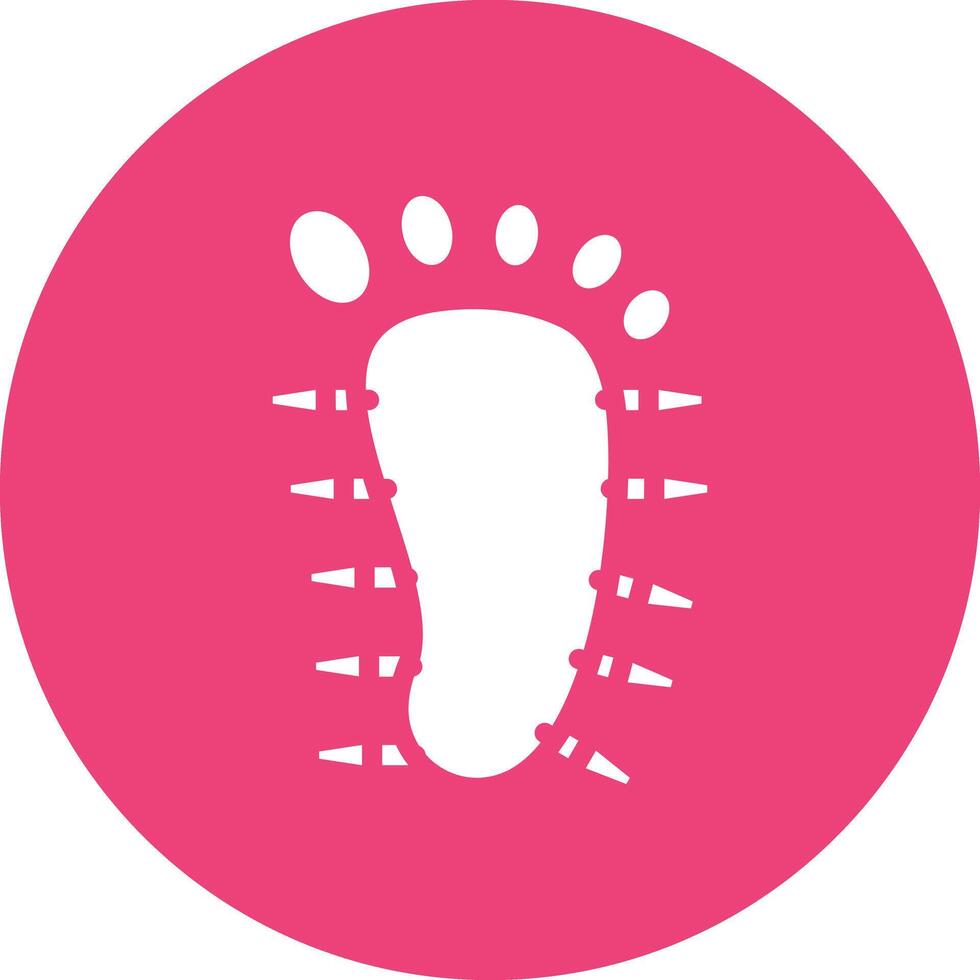 Foot Acupuncture Vector Icon
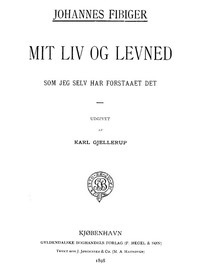 Cover of Mit liv og levned som jeg selv har forstaaet det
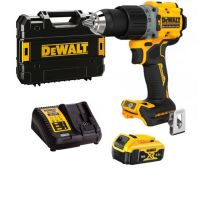 DCD805P1T Perceuse à percussion xr Brushless 18V 90Nm - 1 x 5Ah Batteries, chargeur en coffret - Dewalt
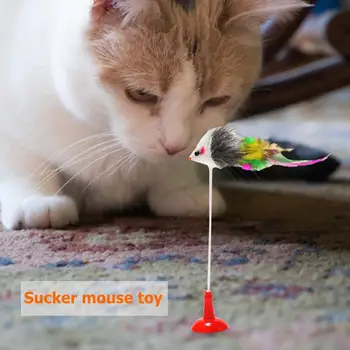 Naminių Kačių Interaktyvus Žaislas Juokinga Gyvis Pavasario Modeliavimas False Pelės Naudotis Kačių Nagai Plastiko ir Pliušinis Katės Kačiukas Kibinimas Žaislai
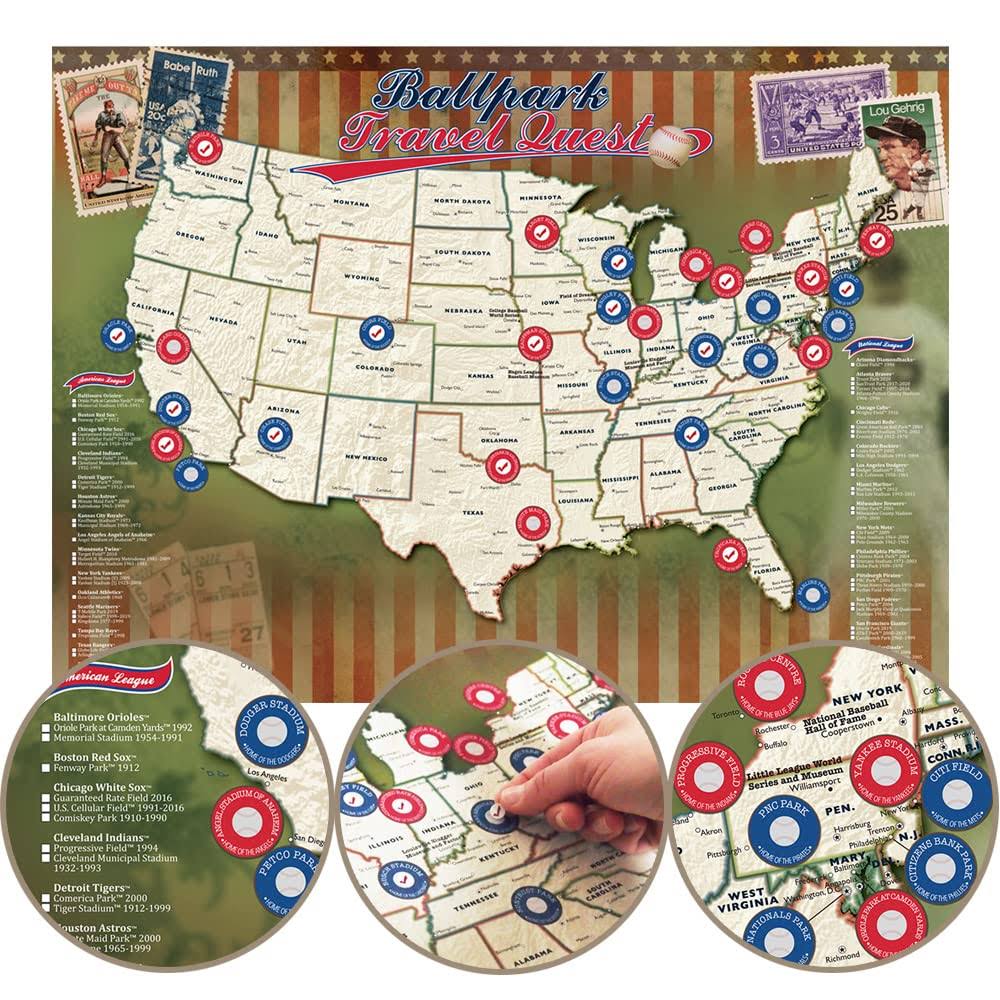 Ballpark Travel Quest Poster Set - image 1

++++++++++

What to do >> Output exactly the lines from the first line of the records through the line containing "Naminių Kačių Interaktyvus". Leave out every picture.

Answer to the exercise >>
 Foot Acupuncture Vector Icon
 Cover of Mit liv og levned som jeg selv har forstaaet det
 DCD805P1T Perceuse à percussion xr Brushless 18V 90Nm - 1 x 5Ah Batteries, chargeur en coffret - Dewalt
 Naminių Kačių Interaktyvus Žaislas Juokinga Gyvis Pavasario Modeliavimas False Pelės Naudotis Kačių Nagai Plastiko ir Pliušinis Katės Kačiukas Kibinimas Žaislai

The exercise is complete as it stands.